PROBLEM DETAILS:
This task asks for the lines from the one with "Polistes dominula" to the final line below, repeated exactly, with pictures omitted.

TASK MATERIAL:
-- Opening Marker --

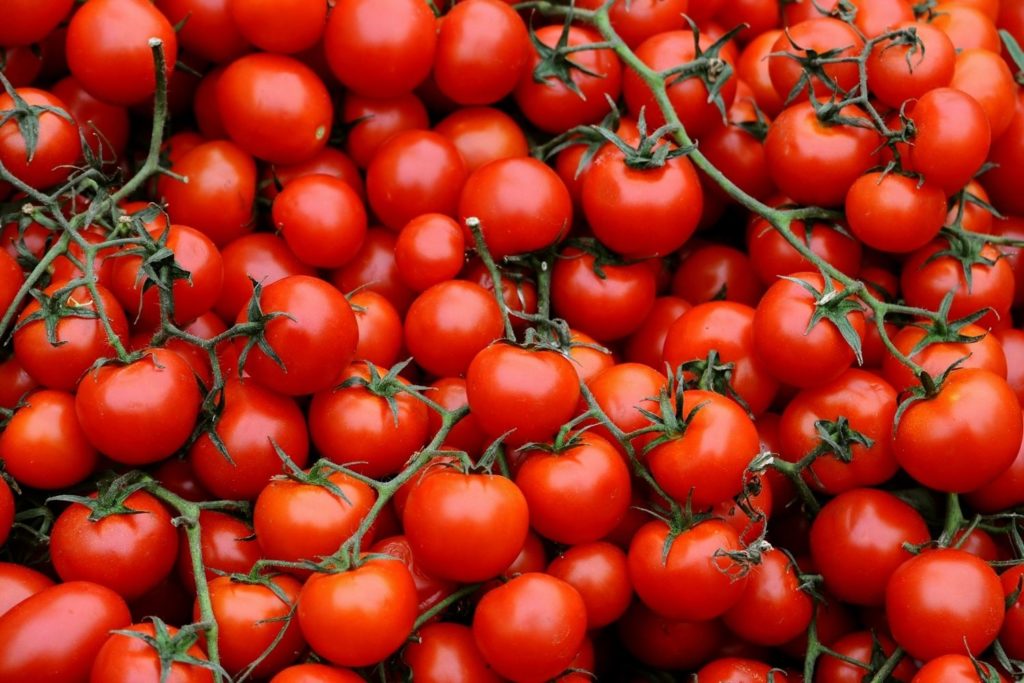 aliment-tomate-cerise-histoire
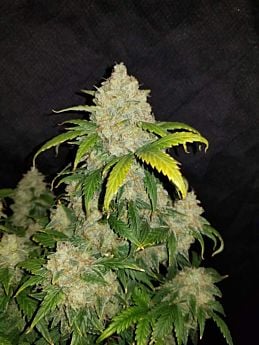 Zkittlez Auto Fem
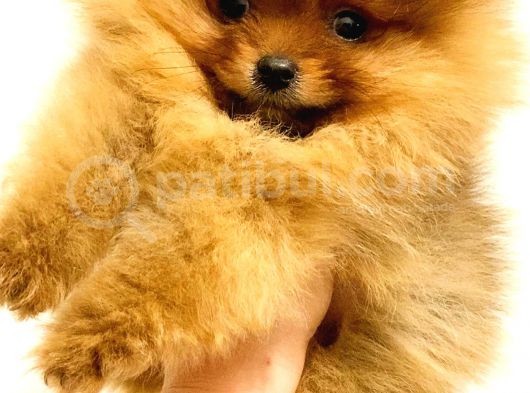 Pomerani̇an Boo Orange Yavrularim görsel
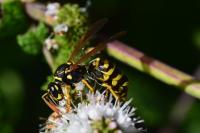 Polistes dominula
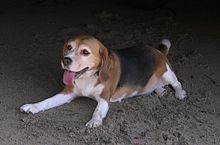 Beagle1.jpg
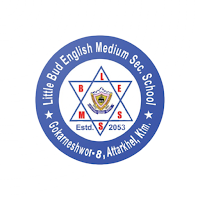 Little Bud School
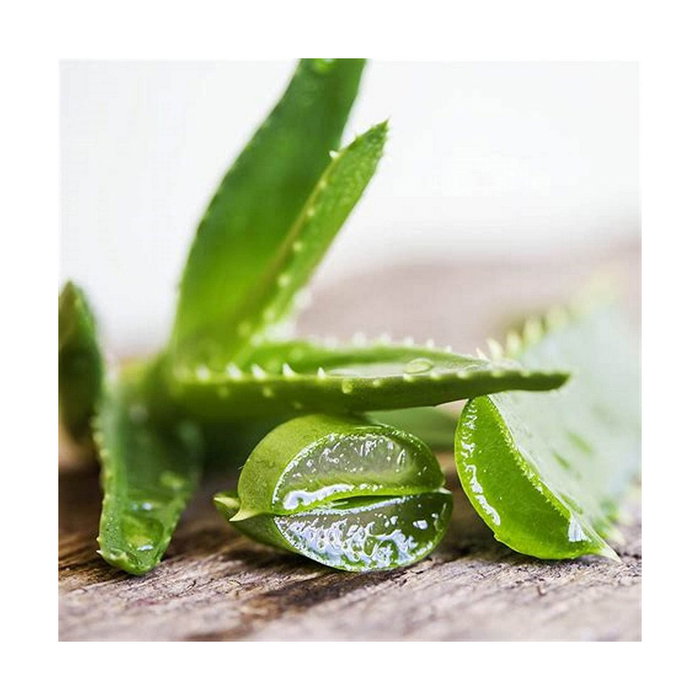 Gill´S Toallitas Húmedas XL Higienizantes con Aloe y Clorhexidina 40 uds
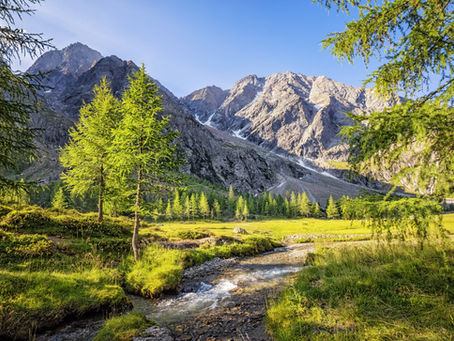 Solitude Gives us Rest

-- Closing Marker --

OUTPUT FOR THIS TASK:
 Polistes dominula
 Beagle1.jpg
 Little Bud School
 Gill´S Toallitas Húmedas XL Higienizantes con Aloe y Clorhexidina 40 uds
 Solitude Gives us Rest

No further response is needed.